Starting at the line with "Round Diamond Channel Set Wedding Band", set down each line of the entries below through the last one, exactly as it stands.

▸ Task inputs
·····
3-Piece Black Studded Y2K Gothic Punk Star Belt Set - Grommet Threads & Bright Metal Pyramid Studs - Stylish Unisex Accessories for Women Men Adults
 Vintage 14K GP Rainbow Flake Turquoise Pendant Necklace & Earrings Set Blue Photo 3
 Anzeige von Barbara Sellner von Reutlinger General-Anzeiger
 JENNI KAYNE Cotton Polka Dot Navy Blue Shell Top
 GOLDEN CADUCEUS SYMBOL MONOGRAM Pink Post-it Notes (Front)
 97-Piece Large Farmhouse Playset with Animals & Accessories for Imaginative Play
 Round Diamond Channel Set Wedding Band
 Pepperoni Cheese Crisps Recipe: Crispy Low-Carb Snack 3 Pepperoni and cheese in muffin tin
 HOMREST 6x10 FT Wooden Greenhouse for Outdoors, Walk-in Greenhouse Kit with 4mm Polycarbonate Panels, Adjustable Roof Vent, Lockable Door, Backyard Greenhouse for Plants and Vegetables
·····
▸ Response
 Round Diamond Channel Set Wedding Band
 Pepperoni Cheese Crisps Recipe: Crispy Low-Carb Snack 3 Pepperoni and cheese in muffin tin
 HOMREST 6x10 FT Wooden Greenhouse for Outdoors, Walk-in Greenhouse Kit with 4mm Polycarbonate Panels, Adjustable Roof Vent, Lockable Door, Backyard Greenhouse for Plants and Vegetables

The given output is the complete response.